August 16, 2022 at 9:57 amAshish KhemkaAnsys Employee
Hi Kumara,
I tried modeling the problem you described at my end and I found the displacement of the mass to be correct.

ANTYPE,TRANSIENT
/prep7
ET,1,COMBIN14,,,2
ET,2,MASS21,,,4
R,1,200 ! SPRING CONSTANT = 200
R,2,.5 ! MASS = .5
N,1
N,2,1
FILL
E,1,2 ! SPRING ELEMENT (TYPE,1) AND K = 200 (REAL,1)
TYPE,2
REAL,2
E,2 ! MASS ELEMENT (TYPE,2) AND MASS = .5 (REAL,3)
D,1,ALL,0
/solu
trnopt,full
*DIM,_loadvari32x,TABLE,4,1,1,TIME
! Time values
*TAXIS,_loadvari32x(1),1,0.,8.e002,0.1,2.1
! Load values
_loadvari32x(1,1,1) = 0.
_loadvari32x(2,1,1) = 0.
_loadvari32x(3,1,1) = 0.
_loadvari32x(4,1,1) = 0.
*DIM,_loadvari32y,TABLE,5,1,1,TIME
! Time values
*TAXIS,_loadvari32y(1),1,0.,8.e002,0.1,1.1,2.1
! Load values
_loadvari32y(1,1,1) = 0.
_loadvari32y(2,1,1) = 0.
_loadvari32y(3,1,1) = 100.
_loadvari32y(4,1,1) = 150.
_loadvari32y(5,1,1) = 200.
f,2,fx,%_loadvari32y%
autots,on ! User turned on automatic time stepping
nsub,1000,1000,100,OFF
time,0.1
timint,on ! Turn on time integration effects
outres,erase
outres,all,none
outres,nsol,all,
outres,rsol,all
outres,eangl,all
outres,etmp,all
outres,veng,all
outres,strs,all,
outres,epel,all,
outres,eppl,all,
outres,cont,all,
outres,v,all,
outres,a,all,
solve
fdel,2,fx
autots,on ! User turned on automatic time stepping
nsub,1000,1000,100,OFF
time,1.1
timint,on ! Turn on time integration effects
outres,erase
outres,all,none
outres,nsol,all,
outres,rsol,all
outres,eangl,all
outres,etmp,all
outres,veng,all
outres,strs,all,
outres,epel,all,
outres,eppl,all,
outres,cont,all,
outres,v,all,
outres,a,all,
solve
f,2,fx,%_loadvari32y%
autots,on ! User turned on automatic time stepping
nsub,1000,1000,100,OFF
time,2.1
timint,on ! Turn on time integration effects
outres,erase
outres,all,none
outres,nsol,all,
outres,rsol,all
outres,eangl,all
outres,etmp,all
outres,veng,all
outres,strs,all,
outres,epel,all,
outres,eppl,all,
outres,cont,all,
outres,v,all,
outres,a,all,
solve
Regards,
Ashish Khemka

August 18, 2022 at 7:29 am154010010Subscriber
Dear Ashish,
Thanks for your response. I want to apply a force that is a function of the instantaneous mass displacement, but, I couldn't find such a force defined in your code. I have copied my code below.

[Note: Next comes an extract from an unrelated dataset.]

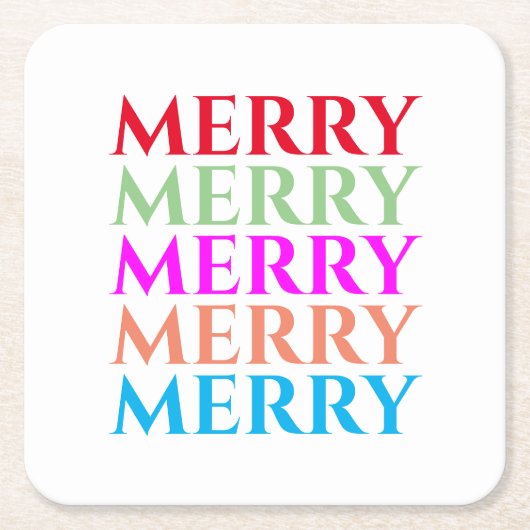 メリーカラフル・クリスマス・コースター スクエアペーパーコースター (正面)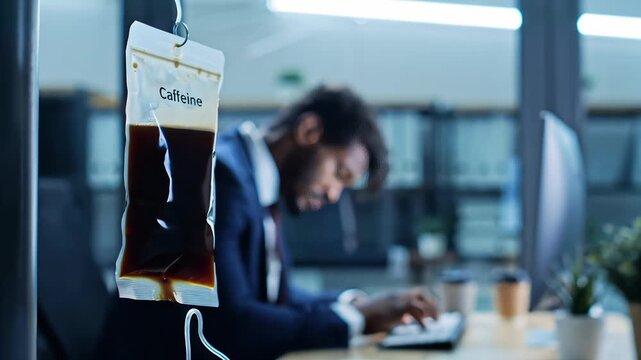 Caffeine coffee IV drip bag with stressed employee, Exhausted Workaholic, Energy Addiction Infusion, Office Burnout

To put it in equations, I have m*x\ddot + k*x = f(x,t) not m*x\ddot + k*x = f(t).
I understand that applying a state dependent force requires to be able tap into output at every step and extract displacement/velocity at every instant and redefine the force on nodes depending on these vales. I thought my code should do the same, but, as mentioned in my previous posts results are not as expected. Please help me understand the issue.

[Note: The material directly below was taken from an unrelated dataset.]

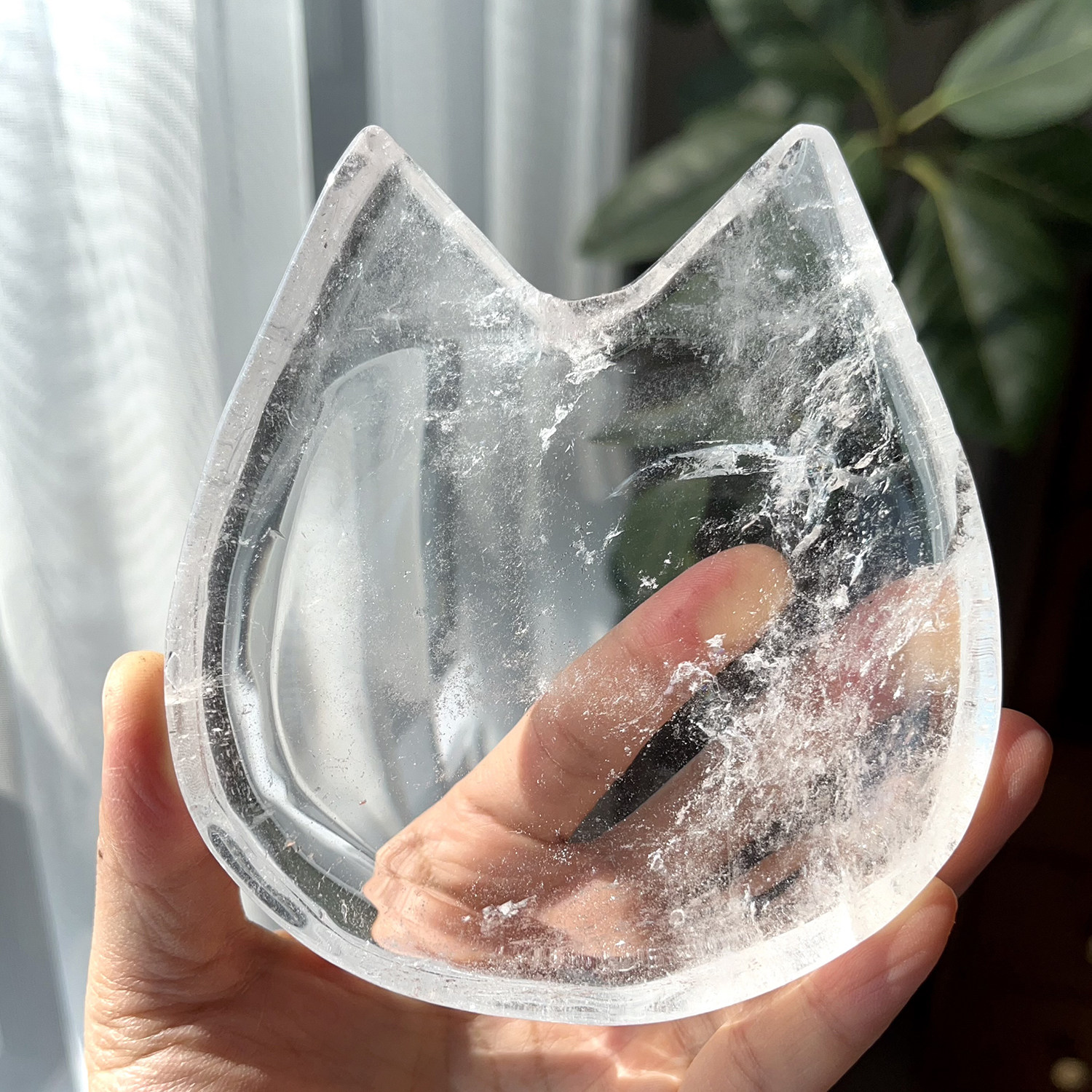 天然白水晶碗猫头小碗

/title,Spring Mass Controller force
FINISH
/Clear/PREP7
ET,1,MASS21
!*
ET,2,COMBIN14
!*
R,1,0.001, , , , ,
R,2,1,0,0, , ,50,!Defining Material properties (Not needed for this problem though)
MPTEMP,1,0
MPDATA,EX,1,,210000
MPDATA,DENS,1,,7800E12
MPDATA,PRXY,1,,0.3!Defining two nodes
n,1,,,
n,2,50,,! MODEL Definition
!Defining element attributes before creating elements
TYPE, 1
MAT, 1
REAL, 1
ESYS, 0!Creating mass element at node 2
E,2, !Element 1 definition!Defining element attributes before creating elements
TYPE,2
MAT,1
REAL,2
ESYS,0!Creating spring between node1 and node2
E,1,2,!Defining boundary condition (Fix node1)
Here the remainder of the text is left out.